As the popularity of the NFL increases around the world, the diverse pool of players contributing to the game continues to expand.
When the Browns drafted linebackers David Veikune (52nd overall) and Kaluka Maiava (104th) in the second and fourth rounds respectively, they welcomed two new Pacific Islanders into the NFL.
"Polynesians, they're pretty strong, very powerful, physical people," Veikune said. "The NFL's a very physical game, so I think they put two and two together and started recruiting over there."
"We're just people trying to play football and have a job," said Maiava. "I don't know if we're the chosen few or anything. We're just trying to make a living."
The Bengals, this Sunday's opponent and the Browns' in-state rival, added a player of Samoan descent when they selected linebacker Rey Maualuga with the sixth pick in the second round (No. 38 overall).
Maualuga played linebacker next to Maiava at the University of Southern California and knows what his fellow Samoan brings to the field.
"Kaluka's a great linebacker in my eyes, an undersized linebacker, but has a lot of heart and determination to get things done," Maualuga said in a teleconference Wednesday. "He's a playmaker. Given the opportunity, he will make plays."
Veikune is a native of Wahiawa on the Island of Oahu, while Maiava hails from Wailuku on Maui. Maiava also has roots in American Samoa and proudly displays his heritage with tattoos around his right arm and leg.
In addition to Maualuga, Bengals defensive tackles Jonathan Fanene and Domata Peko are also of Samoan descent.
They are the latest players with roots in the Pacific trying to make an impact at the NFL level. Last season, almost 30 Polynesian players played in the NFL.
Steelers free safety Troy Polamalu has been one of the more high-profile Samoan players to compete in the NFL. He has 438 career tackles, 332 solo stops and 7 quarterback sacks over his seven seasons in Pittsburgh. He has 18 interceptions and returned one for a touchdown during the 2004 season.
Before Polamalu was bothering quarterbacks with blitzes off the edge or providing big hits to receivers going across the middle of the field, linebacker Junior Seau was setting the standard for Samoan players.
Seau played in the NFL from 1990 to 2008 with the Chargers, Dolphins and Patriots.

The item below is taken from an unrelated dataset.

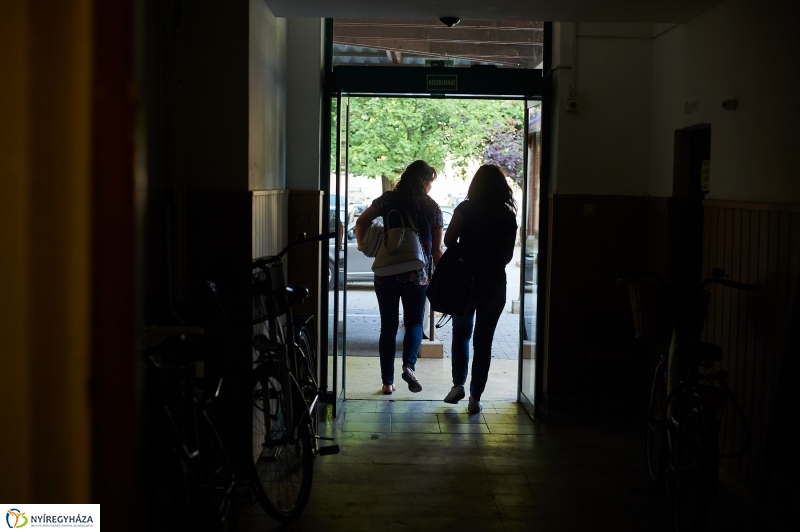 Tankönyvosztás az Apáczaiban - fotó Szarka Lajos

During his career, Seau collected 56.5 quarterback sacks and 18 interceptions.
With the success of Hawaiian and Samoan players in the NFL, more people are paying attention to high school and college football in that region. Every coach who scouts in the area is trying to land the next big star from the islands.
"In Samoa, a lot of coaches go over there to recruit out of college," said Veikune. "A lot of guys are getting opportunities that they used to not get before."